In November, Today’s REALTOR®brought you an exclusive excerpt from Real Estate Confronts Reality, a book that prophesizes the likely future of the industry. Written by industry observers Tom Dooley, Stefan Swanepoel, and Michael Abelson, it includes interviews with business movers and shakers on such topics as the consumer of the future, the role of the NATIONAL ASSOCIATION OF REALTORS®, the impact of major brokerage operators, such as HFS Inc., and the wave of company consolidations. And the writers analyze how these industry-shaping developments fit together.
In this installment, the authors examine the impact of RE/MAX’s compensation practices on the consolidating of the industry.
In the late 1970s and early 1980s, as RE/MAX Real Estate Corp. established itself as a national participant on the real estate scene, many regarded the notion of awarding a salesperson 100 percent of a commission (after collecting a monthly administrative or desk fee) as a passing fancy destined to collapse faster than it was launched. They thought a franchise structured on such an arrangement a foolhardy endeavor.
They were wrong on all counts.
RE/MAX has not only grown and prospered. It has also reset the operational mode for most of its competitors along the way.
Brokers witnessed many of their top-level salespeople transferring to a RE/MAX office, where they could receive what they perceived to be their fair share of compensation, and, in effect, run their own show in an environment devoid of newcomers and subpar salespeople.
To protect their own most valuable asset–productive salespeople–RE/MAX competitors quickly adopted their own version of the 100 percent concept. Those who continued to reject the notion of the 100 percent concept nonetheless needed to protect their sales ranks. They altered commission structure, often increasing the share paid to salespeople to 60 percent, 70 percent, 80 percent, or even higher, all the while continuing to offer and pay for support services and mechanisms.
The net result on the industry as a whole has been to elevate the importance of successful salespeople and to tilt the financial rewards in their direction and away from the brokerage and its proprietors.

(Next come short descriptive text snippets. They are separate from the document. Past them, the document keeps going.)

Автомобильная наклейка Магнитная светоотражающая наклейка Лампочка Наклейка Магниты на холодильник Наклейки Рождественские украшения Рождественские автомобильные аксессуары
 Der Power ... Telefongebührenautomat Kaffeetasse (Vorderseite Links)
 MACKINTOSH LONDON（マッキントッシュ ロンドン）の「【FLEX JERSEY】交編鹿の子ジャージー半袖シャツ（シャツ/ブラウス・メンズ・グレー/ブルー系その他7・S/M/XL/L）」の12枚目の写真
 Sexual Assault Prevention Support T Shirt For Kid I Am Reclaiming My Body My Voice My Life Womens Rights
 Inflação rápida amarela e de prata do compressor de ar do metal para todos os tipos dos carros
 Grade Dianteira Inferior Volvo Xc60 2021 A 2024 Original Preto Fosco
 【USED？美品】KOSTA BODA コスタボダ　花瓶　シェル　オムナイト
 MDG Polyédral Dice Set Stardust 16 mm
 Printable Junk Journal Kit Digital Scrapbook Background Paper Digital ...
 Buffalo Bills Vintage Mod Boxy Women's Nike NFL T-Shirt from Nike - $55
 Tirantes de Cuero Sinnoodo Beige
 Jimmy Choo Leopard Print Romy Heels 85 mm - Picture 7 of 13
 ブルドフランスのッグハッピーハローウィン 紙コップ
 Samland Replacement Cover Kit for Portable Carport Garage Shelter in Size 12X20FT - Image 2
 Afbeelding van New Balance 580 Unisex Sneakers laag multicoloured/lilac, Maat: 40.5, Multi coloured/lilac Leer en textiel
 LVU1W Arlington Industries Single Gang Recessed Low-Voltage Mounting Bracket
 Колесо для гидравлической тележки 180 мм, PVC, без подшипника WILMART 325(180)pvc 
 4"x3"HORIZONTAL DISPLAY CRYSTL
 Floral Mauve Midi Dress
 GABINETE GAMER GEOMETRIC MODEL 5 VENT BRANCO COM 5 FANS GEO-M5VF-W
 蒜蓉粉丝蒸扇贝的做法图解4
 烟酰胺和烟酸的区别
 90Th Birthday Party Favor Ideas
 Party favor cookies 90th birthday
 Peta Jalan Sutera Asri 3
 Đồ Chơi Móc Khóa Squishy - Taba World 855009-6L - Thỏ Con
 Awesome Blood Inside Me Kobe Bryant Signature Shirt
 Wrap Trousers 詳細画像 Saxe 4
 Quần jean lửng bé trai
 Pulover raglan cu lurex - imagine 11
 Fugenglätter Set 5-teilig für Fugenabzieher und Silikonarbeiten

Thus, RE/MAX has long been regarded by many competitors as a major cause for the decline in profitability. As one well-known independent owner once put it, “RE/MAX has taken all the fun and profit out of real estate.”
To be sure, many leading companies have realigned their profit picture upward. They assess various charges to the salespeople previously handled by the company or develop a sizable segment of company-generated business, which they then assign to salespeople at a substantially reduced commission split. But many companies didn’t recover and saw red ink splashed vividly across their income statements, resulting in their merger, sale, or outright liquidation.
Both groups freely admit that RE/MAX reconfigured the playing field.
Tom Dooley, president of TWD & Associates, a real estate consultancy, is cofounder of The Dooley/Dahlheimer Report and a regular contributor to Today’s REALTOR®. Stefan Swanepoel, author of four real estate books, was the director of strategic planning for ERA until leaving in February to become president of U.S. Digital Corp., which develops real estate and mortgage technology products. Dr. Michael Abelson, consultant and author, is president of Abelson & Co., which is based in College Station, Texas, and specializes in real estate management and profitability; he’s also a professor in the Department of Management at Texas A&M University.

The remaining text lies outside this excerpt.